Я осторожно подхожу. Старик лежит ничком и не шевелится. Опускаюсь рядом с ним на колени и переворачиваю его. Стараясь не смотреть в его вытаращенные глаза, кладу ему руку на грудь. Сердце не бьется.
– Он – мертв? – девушка-кентавр подошла сзади.
Мы смотрим друг на друга.
Она красивая. Не такая красивая, как незнакомка из особняка, но все же очень красивая: тонкое лицо, индейские черты, темные глаза.
– Мертвее некуда, – говорю я, поднимаясь с колен.

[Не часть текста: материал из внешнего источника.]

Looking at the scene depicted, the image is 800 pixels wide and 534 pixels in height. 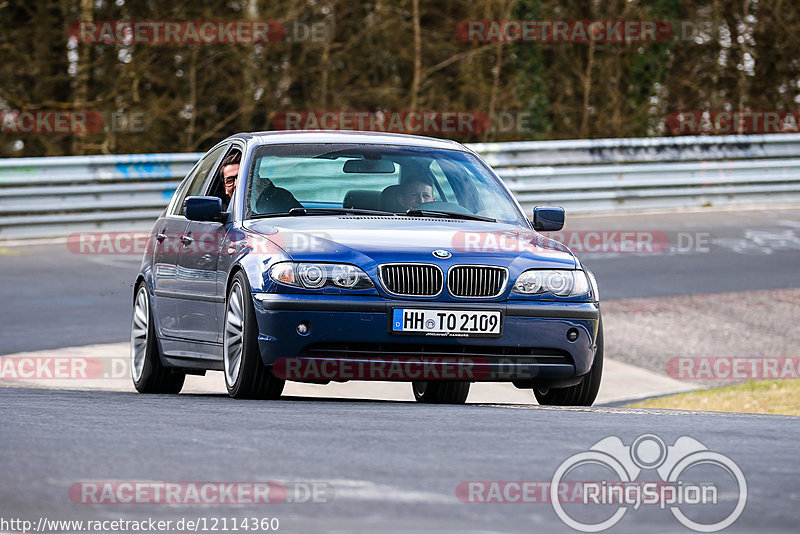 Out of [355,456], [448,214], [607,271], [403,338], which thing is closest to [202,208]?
[448,214]

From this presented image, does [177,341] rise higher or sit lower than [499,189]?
lower

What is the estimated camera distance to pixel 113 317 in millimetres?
14219

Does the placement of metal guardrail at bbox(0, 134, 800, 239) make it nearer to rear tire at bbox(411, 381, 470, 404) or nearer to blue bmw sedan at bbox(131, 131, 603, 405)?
rear tire at bbox(411, 381, 470, 404)

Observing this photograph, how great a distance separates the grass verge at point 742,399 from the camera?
1206 cm

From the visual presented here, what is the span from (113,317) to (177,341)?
193 inches

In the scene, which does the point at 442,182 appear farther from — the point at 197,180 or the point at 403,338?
the point at 197,180

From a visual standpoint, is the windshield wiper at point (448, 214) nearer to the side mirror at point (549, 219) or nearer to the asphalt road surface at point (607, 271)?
the side mirror at point (549, 219)

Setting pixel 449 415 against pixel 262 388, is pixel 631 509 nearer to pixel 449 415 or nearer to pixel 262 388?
pixel 449 415

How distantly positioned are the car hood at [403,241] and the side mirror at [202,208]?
0.30m

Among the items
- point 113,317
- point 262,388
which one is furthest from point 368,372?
point 113,317

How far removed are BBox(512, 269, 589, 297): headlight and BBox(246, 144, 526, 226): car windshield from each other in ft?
2.81

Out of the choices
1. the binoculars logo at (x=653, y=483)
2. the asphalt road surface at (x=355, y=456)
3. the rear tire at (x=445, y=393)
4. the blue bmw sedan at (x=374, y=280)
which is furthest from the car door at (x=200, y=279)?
the binoculars logo at (x=653, y=483)

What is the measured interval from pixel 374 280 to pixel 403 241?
33 centimetres

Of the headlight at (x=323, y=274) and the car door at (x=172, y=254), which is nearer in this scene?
the headlight at (x=323, y=274) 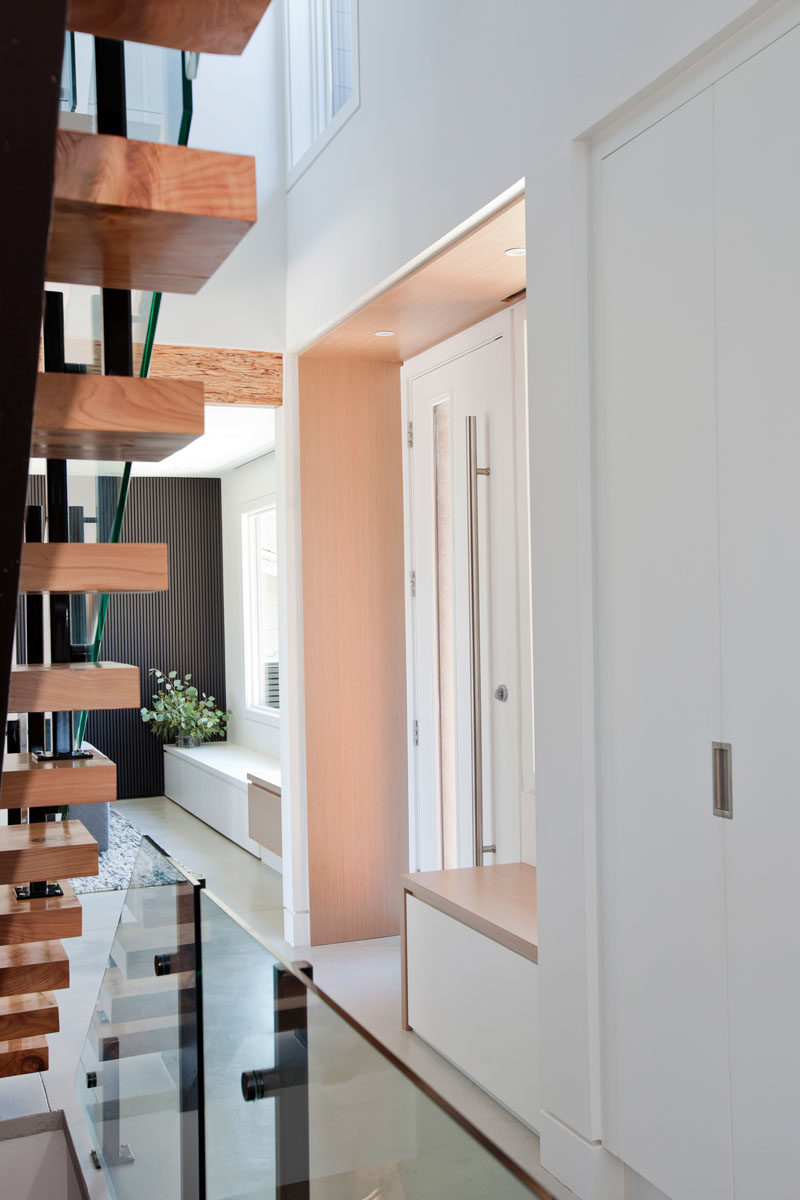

Она плачет. Еще не пришла в себя – это видно. Мне хочется утешить ее, провести рукой по длинным черным волосам, сказать: ничего страшного, все позади. Так я и делаю, глажу ее по голове, говорю, что ничего страшного, что все позади. Я признаю в ней свою, она признает во мне своего. Мы с ней одной и той же извращенной породы, даже шерсть ее похожей масти, гнедая.
(Несчастный, подумал я как-то раз, глядя на себя с отвращением. Мало тебе быть кентавром, так ты еще умудрился оказаться гнедым! Но теперь – теперь я доволен, что гнедой. Хорошо, что мы и в этом похожи.)
Она вытирает слезы рукавом длинной белой рубахи, смотрит на меня. Только теперь, когда прошел испуг, она наконец осознает, что я тоже четвероногий, что я тоже наполовину лошадь. Во взгляде ее сквозит удивление, удивление и робость.
Меня зовут Гедали, говорю я, чтобы ее успокоить. Она не понимает: как это? – и смешно морщит лоб. Гедали, повторяю я. А, говорит она, ну а меня зовут Титой.
Вдруг до меня доходит, что мы стоим среди поля, на открытом месте. Я прячу тело старика в кустах, беру ее за руку, веду в сарай, сажаю рядом с собой. Все еще всхлипывая, она рассказывает мне историю покойного, помещика по имени Зека Фагундес.
Зека Фагундес – хозяин всех здешних земель.
Он занялся разведением овец как раз тогда, когда цена на шерсть на мировом рынке резко подскочила. Разбогател.
Жил он с женой, доной Котиньей, в огромном доме, выстроенном наподобие средневекового замка, с подъемным мостом, крепостными стенами, сторожевыми башнями. Двери спален и просторных залов были отделаны настоящими средневековыми коваными вензелями, купленными у почтенного антиквара в Пелотасе. Пол в замке был каменный, узкие окна забраны тяжелыми решетками, освещение факельное. Подвал превращен в застенок с пыточной камерой, где к потолку подвешена железная клетка с обезглавленным скелетом. Взбунтовавшийся батрак, говорил Зека Фагундес, но все знали, что это шутка: кости принадлежали одному туземцу, шаману, умершему естественной смертью.